In Glamorganshire in 1763, the death of a master produced revelations about his 'vile life' in keeping a maidservant as his concubine 'to the great disturbance of his house and to the great grief and vexation of his loving wife.' A London moralist J. Moir warned parents in 1787: 'You had better turn your daughter into the street at once than place her out to service. For ten to one her master shall seduce her or she shall be made the confidante of her mistress's intrigues.'

"Masters would often consider it their right to molest their maids. It was made clear to a London maidservant in 1605 that providing sexual favors to the master on demand was simply part of her job. She was told: 'Thou art my servant and I may do with thee as I please.' "

http://www.historytoday.com/

And check out this blog on how Lebanese employers perceive the sexuality of Filipina maids, which reads:
Filipina women, compared to their Ethiopian and Sri Lankan counterparts, are seen as fairer, sexually more attractive, and promiscuous.

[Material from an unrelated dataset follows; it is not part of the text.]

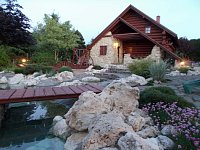 Kanadský srub v zahradě - Velenov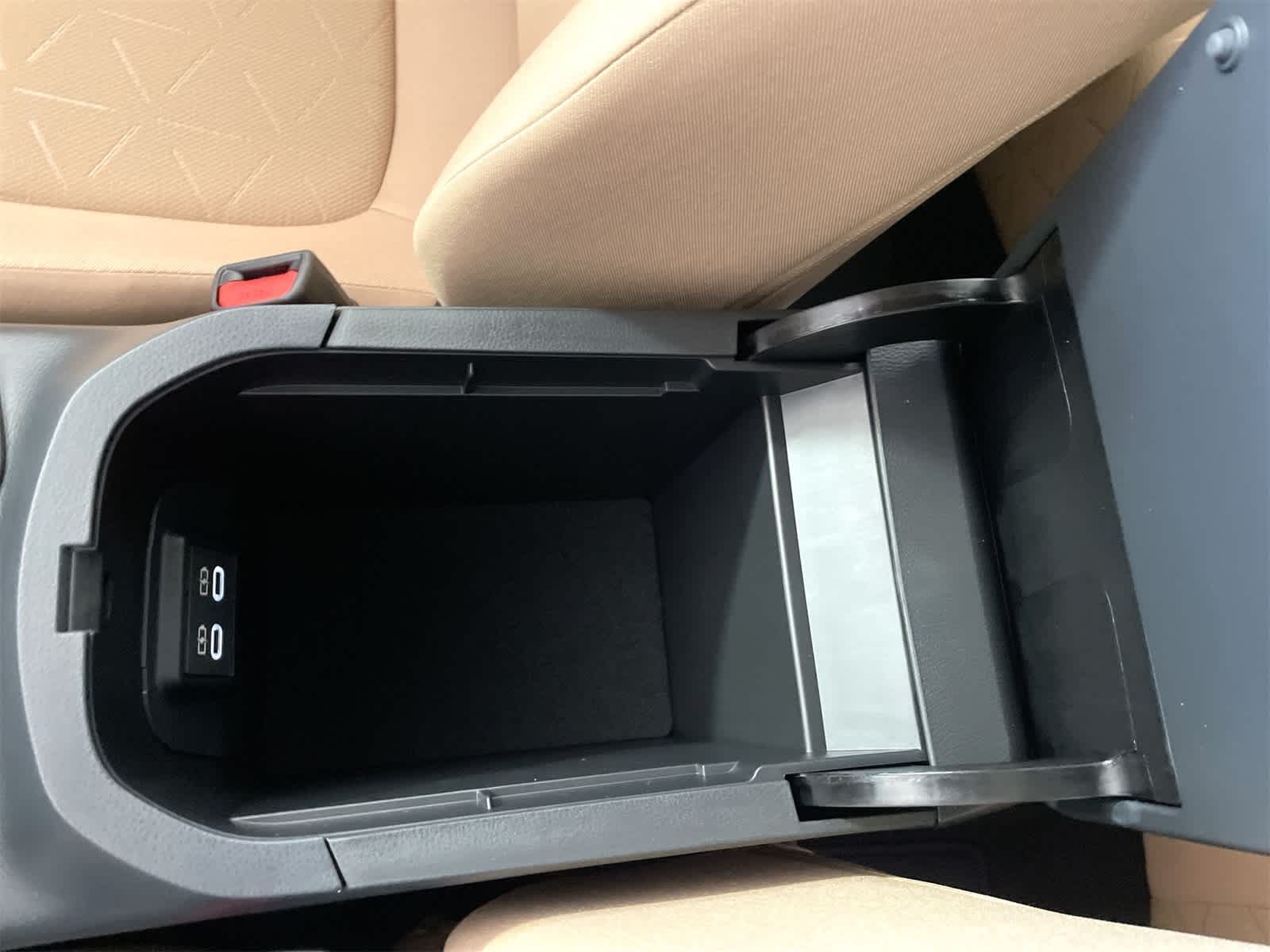 Thumbnail: 2025 Toyota RAV4 - 23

These images of Filipina women legitimate employers’ tight control of their bodies and persons...Just in case you’ve been wondering why some families lock the doors on their maids when they leave home.
http://beirutspring.com/blog/2011/05/03/the-sexuality-of-filipina-maids-in-lebanon/

Or, alternately, you can google the words Filipina, maid, rape. I got more than 2 million results.


Do Filipina maids form the base of the new slave trade?"